#### Task item:
Find "Open back black mini dress" in the listing below, then set down only that line and each later line, unchanged, leaving out pictures.

#### Supplied material:
Content starts
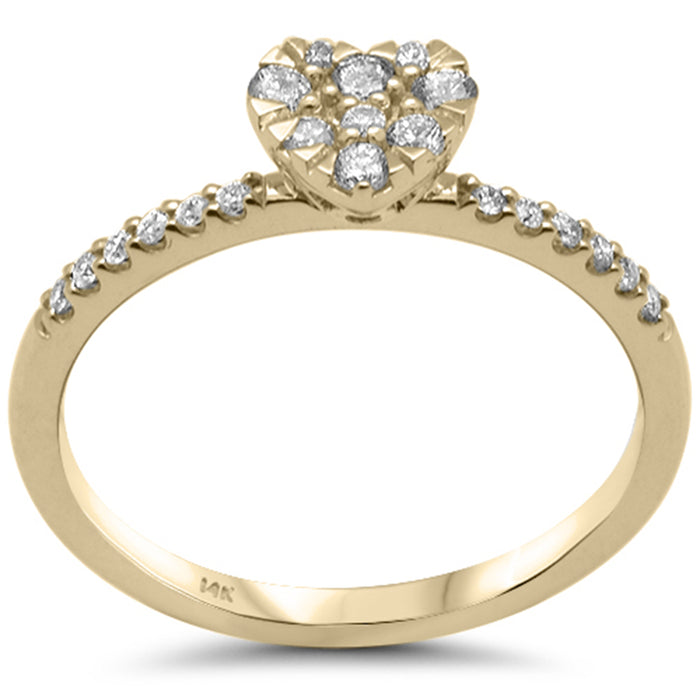 .25ct G SI 14K Yellow Gold Diamond Heart Diamond Ring Band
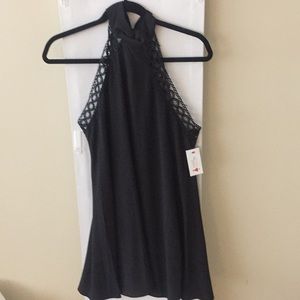 Open back black mini dress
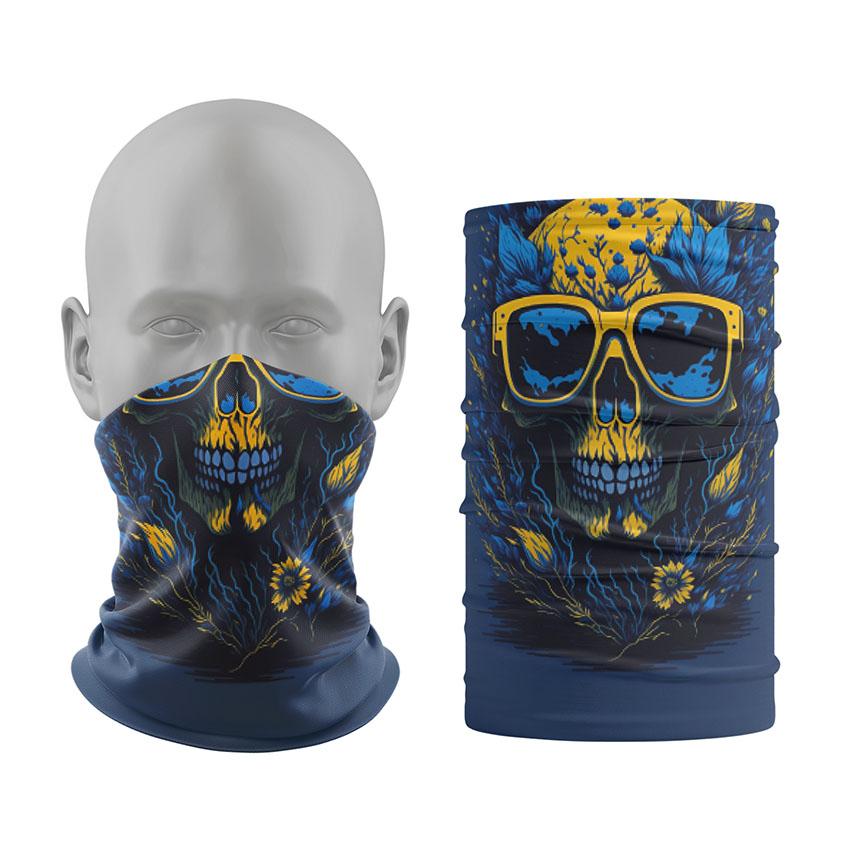 Баф Череп у квітах Синьо-жовтий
Content ends
#### Written answer:
 Open back black mini dress
 Баф Череп у квітах Синьо-жовтий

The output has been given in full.